Now let's consider the second call of `plus_one()`. In this case, `x` is
`None`. We enter the `match`, and compare to the first arm:
```text
None => None,
```
Does `None` match `None`? Yup! There's no value to add to. So we stop and
return the `None` value that is on the right side of the `=>`. We don't
check any other arms since we found one that matched.

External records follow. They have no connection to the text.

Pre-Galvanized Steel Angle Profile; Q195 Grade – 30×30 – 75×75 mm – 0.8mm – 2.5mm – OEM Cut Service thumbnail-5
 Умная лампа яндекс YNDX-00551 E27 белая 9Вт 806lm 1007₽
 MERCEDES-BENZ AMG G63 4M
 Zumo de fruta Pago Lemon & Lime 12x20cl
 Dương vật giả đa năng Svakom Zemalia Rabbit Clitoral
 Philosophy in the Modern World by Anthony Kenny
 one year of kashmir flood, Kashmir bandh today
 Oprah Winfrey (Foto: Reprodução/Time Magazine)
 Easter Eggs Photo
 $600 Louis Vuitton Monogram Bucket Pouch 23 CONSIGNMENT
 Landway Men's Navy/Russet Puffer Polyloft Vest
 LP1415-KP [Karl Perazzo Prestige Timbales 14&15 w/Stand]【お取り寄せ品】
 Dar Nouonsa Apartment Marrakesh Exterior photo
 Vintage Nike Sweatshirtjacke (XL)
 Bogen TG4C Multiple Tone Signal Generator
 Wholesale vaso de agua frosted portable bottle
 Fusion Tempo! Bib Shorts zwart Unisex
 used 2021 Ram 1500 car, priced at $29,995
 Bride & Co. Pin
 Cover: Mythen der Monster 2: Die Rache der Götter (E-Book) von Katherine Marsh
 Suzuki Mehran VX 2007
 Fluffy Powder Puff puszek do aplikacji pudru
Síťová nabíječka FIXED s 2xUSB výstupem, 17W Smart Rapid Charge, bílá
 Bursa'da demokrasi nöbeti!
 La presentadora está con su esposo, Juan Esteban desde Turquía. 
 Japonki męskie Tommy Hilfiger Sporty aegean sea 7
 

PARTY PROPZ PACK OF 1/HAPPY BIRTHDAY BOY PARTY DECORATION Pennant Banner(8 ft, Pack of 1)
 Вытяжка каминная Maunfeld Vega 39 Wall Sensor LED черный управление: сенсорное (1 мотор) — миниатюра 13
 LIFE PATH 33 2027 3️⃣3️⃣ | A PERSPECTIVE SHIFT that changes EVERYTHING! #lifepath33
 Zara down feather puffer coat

Combining `match` and enums together is extremely powerful. You'll see this
pattern a lot in Rust code: `match` against an enum, bind to the data
inside, and then execute code based on it. It's a bit tricky at first, but
once you get used to it, you'll wish you had it in languages that don't support
it. It's consistently a user favorite.
### Matches are exhaustive
There's one other aspect of `match` we didn't talk about. Consider this version
of `plus_one()`:
```rust,ignore
fn plus_one(x: Option<i32>) -> Option<i32> {
match x {
Some(i) => Some(i + 1),
}
}
```
A bug! We didn't handle the `None` case. Luckily, it's a bug Rust knows how to
catch. If we try to compile this code, we'll get an error:
```text
error: non-exhaustive patterns: `None` not covered [E0004]
match x {
Some(i) => Some(i + 1),
}
```
Rust knows that we did not cover every possible option, and even knows which
pattern we forgot! This is referred to as being "exhaustive": we must exhaust
every last option possible in order to be valid. Especially in the case of
`Option<T>`, when Rust prevents us from forgetting to explicitly handle the
`None` case, it protects us from assuming that we have a value when we might
have null and thus making the billion-dollar mistake we discussed in the
previous section.
### The _ placeholder
What if we don't care about all of the possible values, though? Especially when
there are a lot of possible values for a type: a `u8` can have valid values of
zero through 255-- if we only care about 1, 3, 5, and 7, does this mean we must
list out 0, 2, 4, 6, 8, 9, all the way up through 255? Thankfully, no! We can
use a special pattern, `_`:
```rust
let some_u8_value = 0u8;
match some_u8_value {
1 => println!("one"),
3 => println!("three"),
5 => println!("five"),
7 => println!("seven"),
_ => (),
}
```
The `_` pattern will match all the other cases, and `()` will do nothing, it's
the unit value. This way, we don't have to list individual match arms for all
the other possible values in order to say that we want to do nothing for all of
those-- the `_` is a placeholder for any value.
## if let
There's one more advanced control flow structure we haven't discussed: `if
let`. Imagine we're in a situation like this:
```rust
# let some_option = Some(5);
match some_option {
Some(x) => {
// do something with x
},
None => {},
}
```
We care about the `Some` case, but don't want to do anything with the `None`
case. With an `Option`, this isn't _too_ bad, but with a more complex enum,
adding `_ => {}` after processing just one variant doesn't feel great. We have
this boilerplate arm and an extra level of indentation (the code that
does something with `x` is indented twice, rather than just once). We really want
a construct that says "Do something with this one case; I don't care about the
others."
Enter `if let`:
```rust
# let some_option = Some(5);
if let Some(x) = some_option {
// do something with x
}
```
`if let` takes a pattern and an expression, separated by an `=`. It works
exactly like a `match`, where the expression is given to the `match` and the
pattern is its first arm. In other words, you can think of `if let` as syntax
sugar:
```rust,ignore
if let pattern = expression {
body
}
match expression {
pattern => body,
_ => {}
}
```
And in fact, we can include an `else` and it becomes the body of the `_`
case:
```rust,ignore
if let pattern = expression {
body
} else {
else_body
}
match expression {
pattern => body,
_ => else_body,
}
```
In other words, it's the high-level construct we were originally looking for:
do something special with only one pattern.